======== Source material

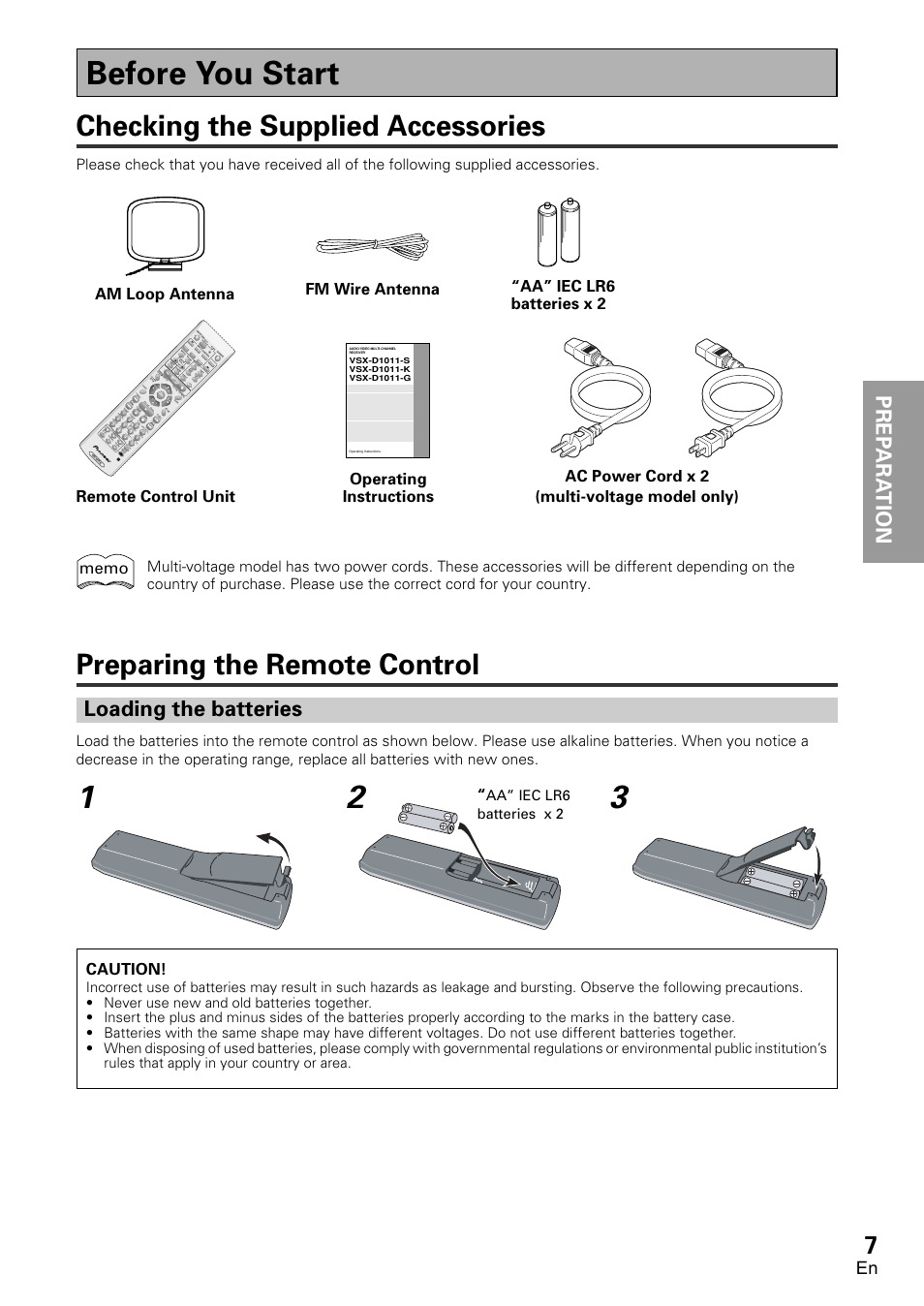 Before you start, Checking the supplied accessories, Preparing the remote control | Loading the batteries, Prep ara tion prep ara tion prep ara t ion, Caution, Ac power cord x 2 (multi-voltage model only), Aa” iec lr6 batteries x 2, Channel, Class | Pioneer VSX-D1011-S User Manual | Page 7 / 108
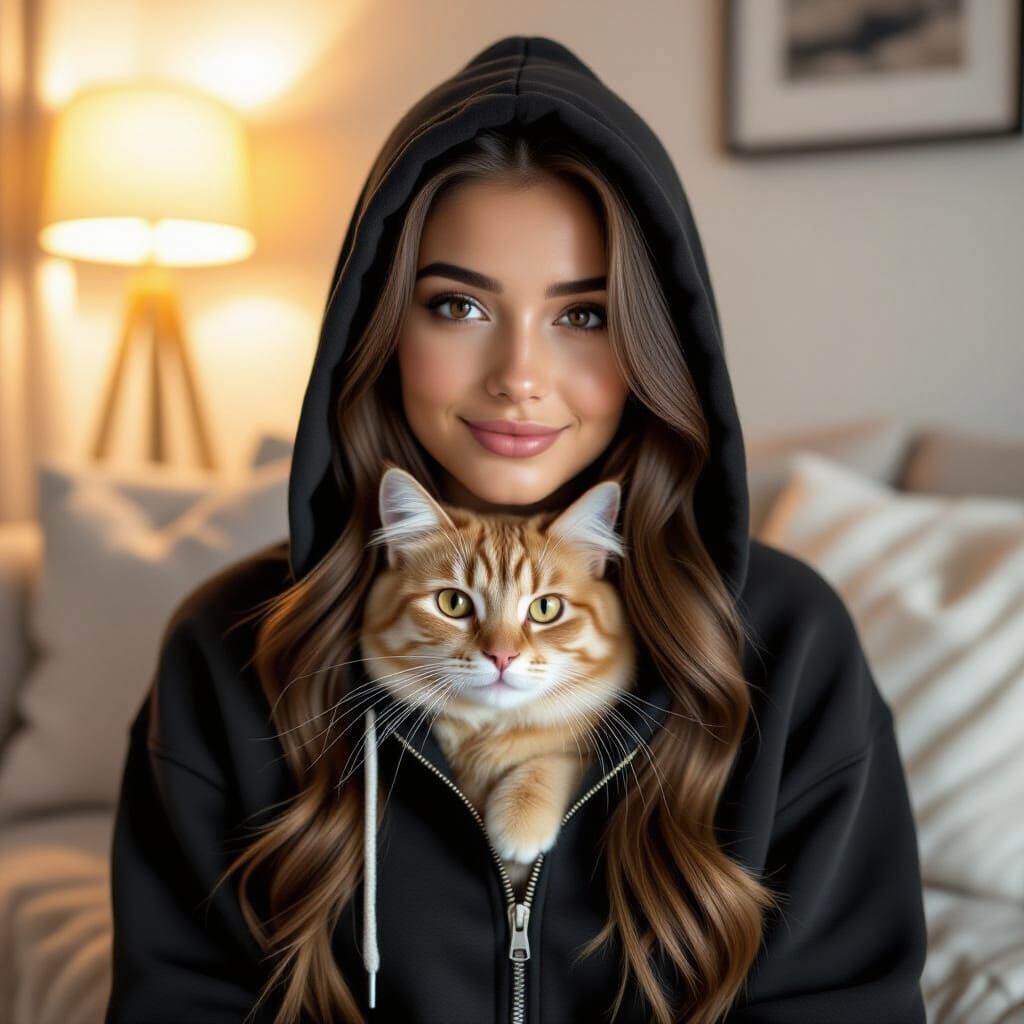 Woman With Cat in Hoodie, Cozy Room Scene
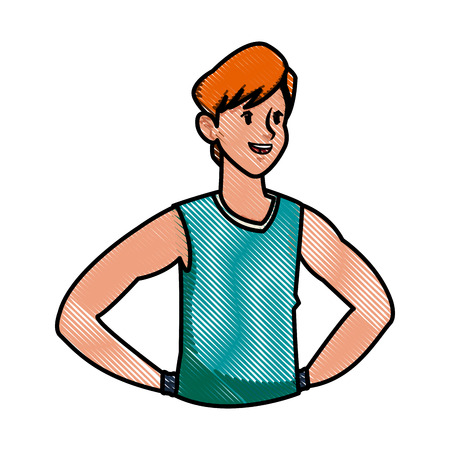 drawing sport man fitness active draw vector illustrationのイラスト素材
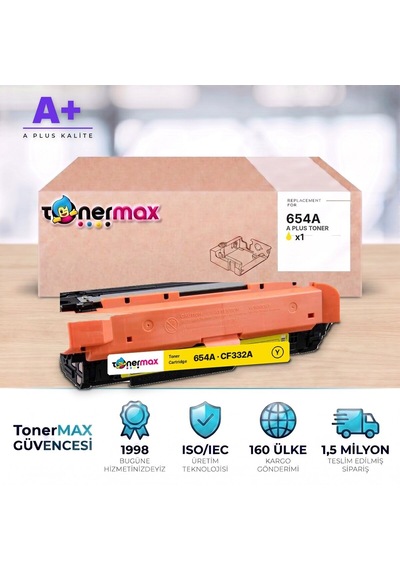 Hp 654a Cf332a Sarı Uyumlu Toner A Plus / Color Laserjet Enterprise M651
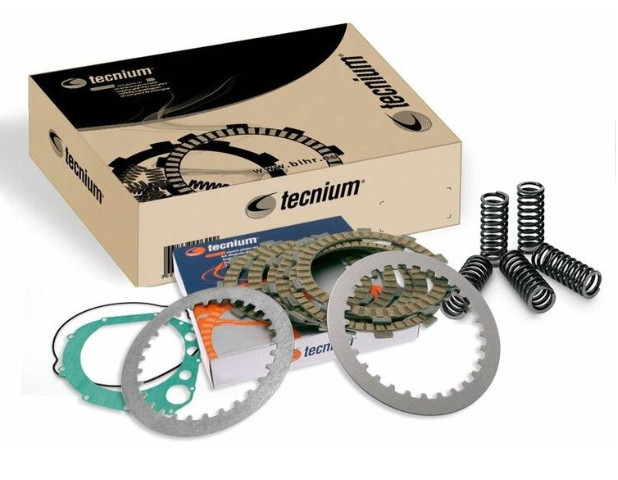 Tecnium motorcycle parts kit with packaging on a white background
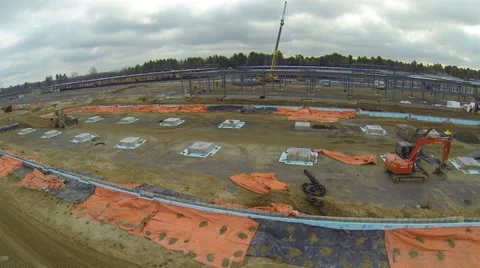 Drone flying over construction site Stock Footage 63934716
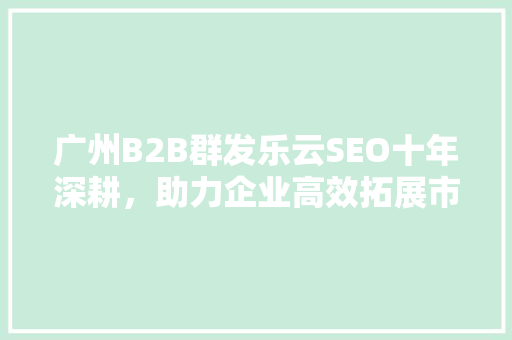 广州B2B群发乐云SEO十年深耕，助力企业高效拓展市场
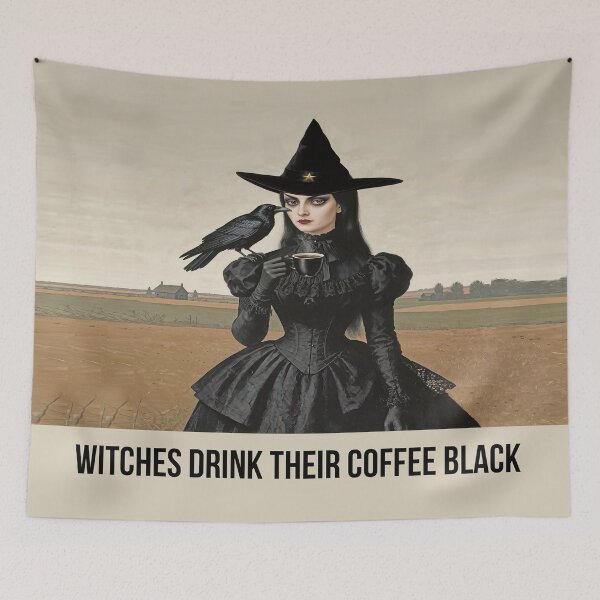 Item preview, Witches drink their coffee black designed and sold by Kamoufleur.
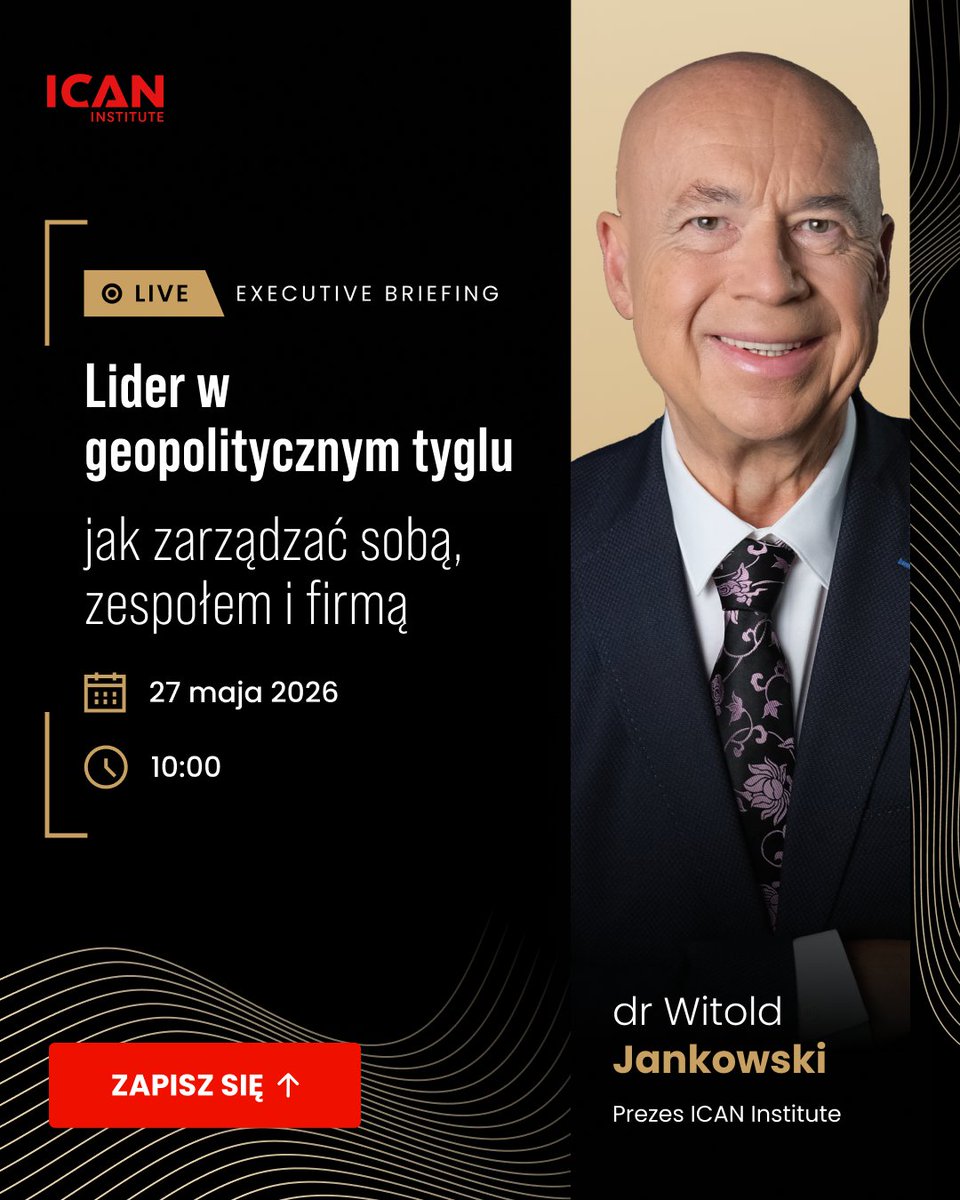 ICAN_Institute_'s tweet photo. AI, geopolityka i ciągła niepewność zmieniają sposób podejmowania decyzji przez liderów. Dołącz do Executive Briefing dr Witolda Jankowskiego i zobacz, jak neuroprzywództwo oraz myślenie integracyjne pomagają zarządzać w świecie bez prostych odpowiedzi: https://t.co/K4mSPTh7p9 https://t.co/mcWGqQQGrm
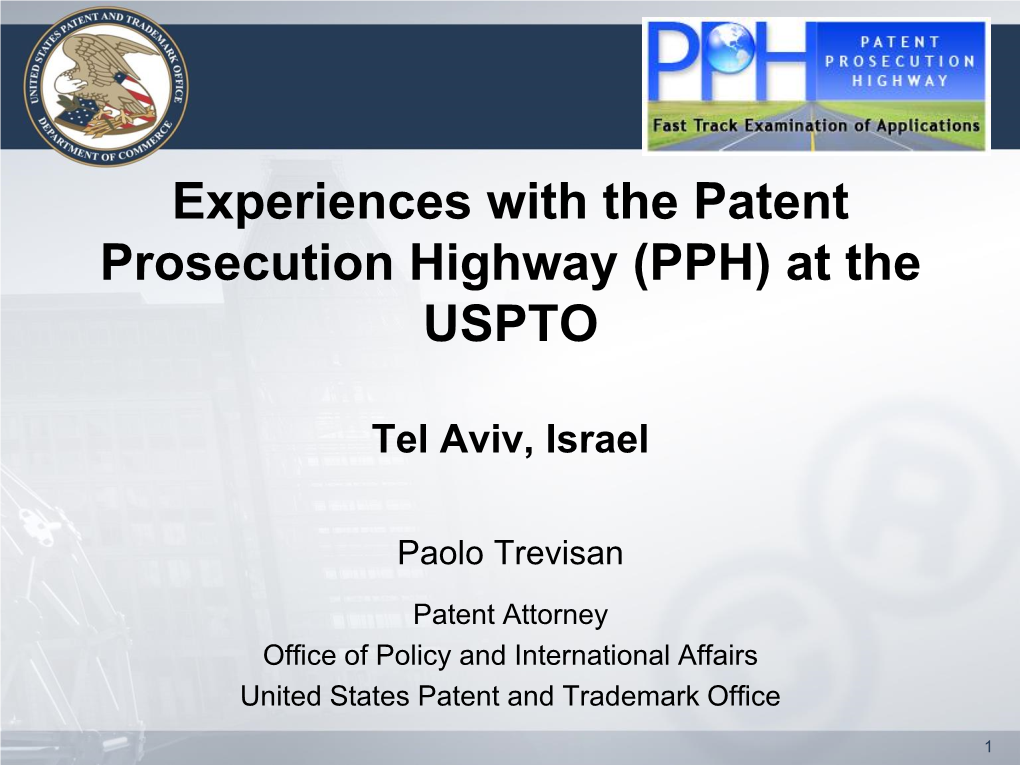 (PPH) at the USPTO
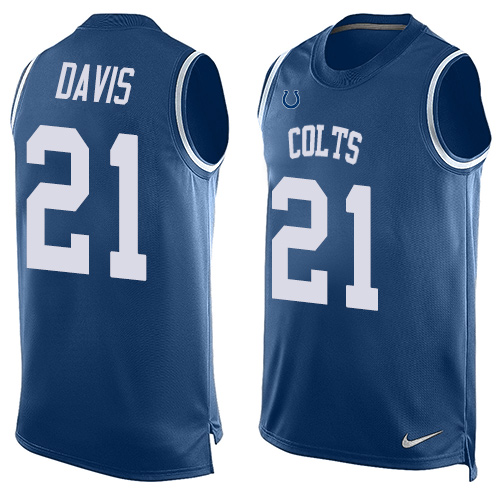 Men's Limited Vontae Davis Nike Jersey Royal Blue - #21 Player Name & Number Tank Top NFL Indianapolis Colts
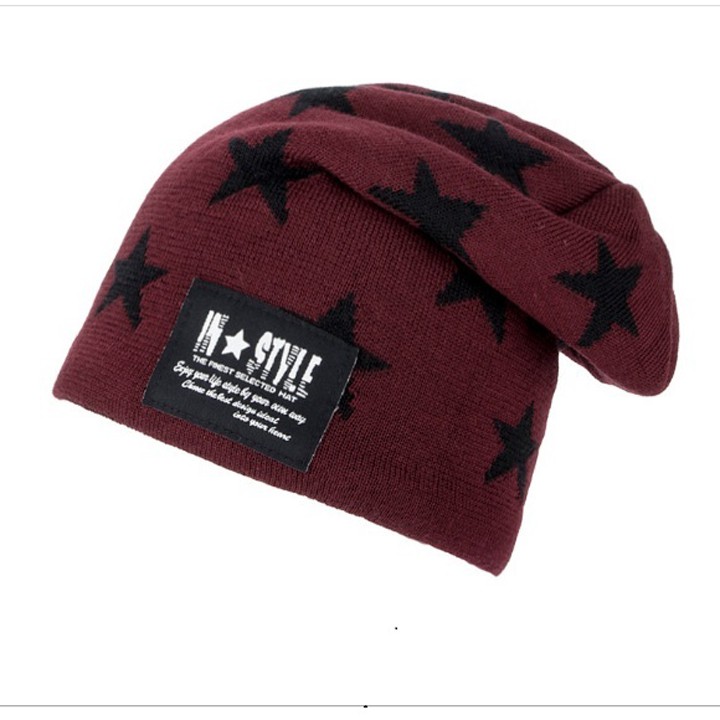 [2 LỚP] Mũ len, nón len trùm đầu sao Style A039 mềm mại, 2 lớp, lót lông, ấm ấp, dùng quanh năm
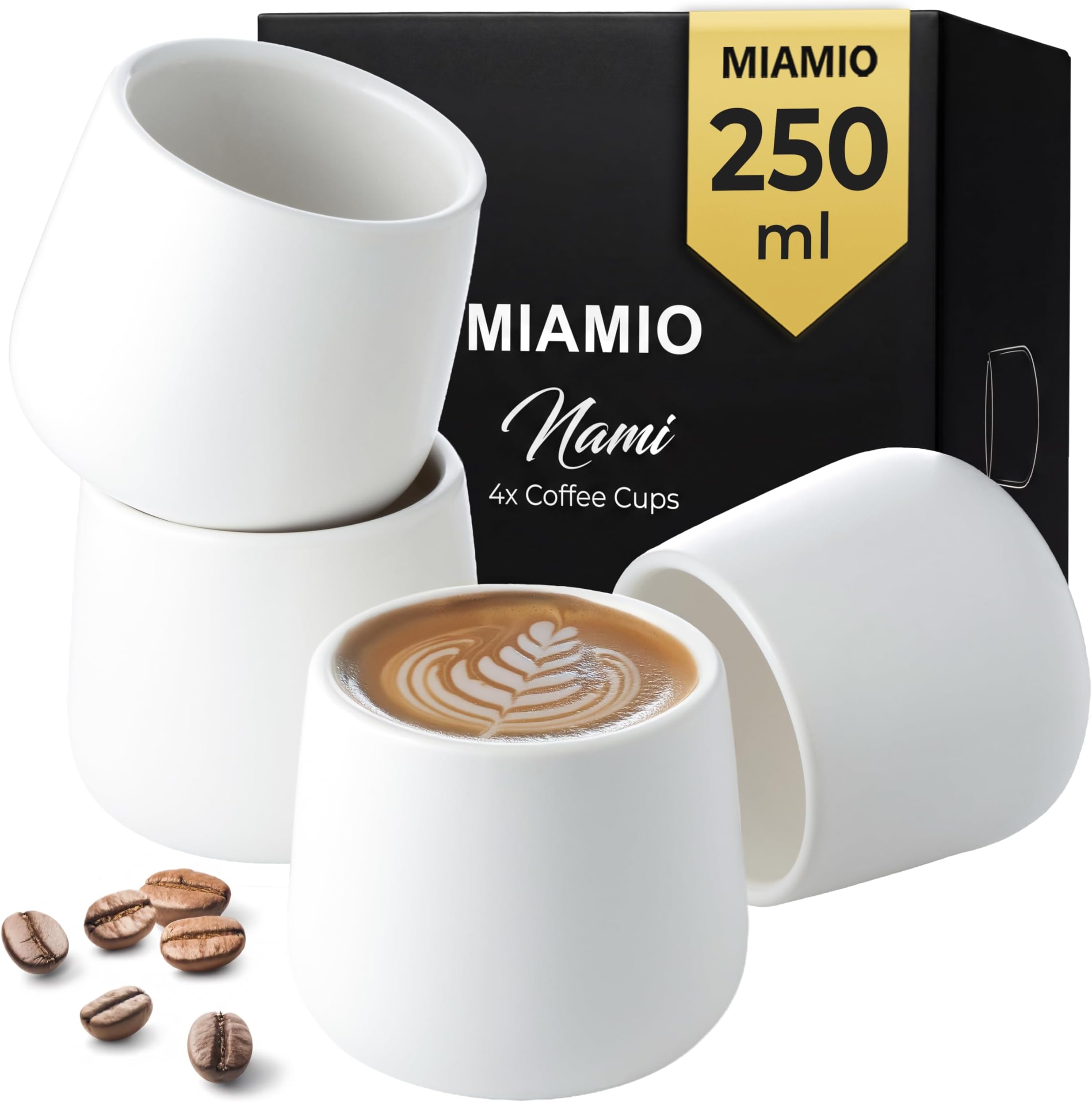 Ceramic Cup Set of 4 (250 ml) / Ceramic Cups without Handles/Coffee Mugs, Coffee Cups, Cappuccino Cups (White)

================

Excluding images, output exactly the lines from the one that holds "广州B2B群发乐云SEO十年深耕，助力企业高效拓展市场" through the final line of the material, both ends included.

 广州B2B群发乐云SEO十年深耕，助力企业高效拓展市场
 Item preview, Witches drink their coffee black designed and sold by Kamoufleur.
 ICAN_Institute_'s tweet photo. AI, geopolityka i ciągła niepewność zmieniają sposób podejmowania decyzji przez liderów. Dołącz do Executive Briefing dr Witolda Jankowskiego i zobacz, jak neuroprzywództwo oraz myślenie integracyjne pomagają zarządzać w świecie bez prostych odpowiedzi: https://t.co/K4mSPTh7p9 https://t.co/mcWGqQQGrm
 (PPH) at the USPTO
 Men's Limited Vontae Davis Nike Jersey Royal Blue - #21 Player Name & Number Tank Top NFL Indianapolis Colts
 [2 LỚP] Mũ len, nón len trùm đầu sao Style A039 mềm mại, 2 lớp, lót lông, ấm ấp, dùng quanh năm
 Ceramic Cup Set of 4 (250 ml) / Ceramic Cups without Handles/Coffee Mugs, Coffee Cups, Cappuccino Cups (White)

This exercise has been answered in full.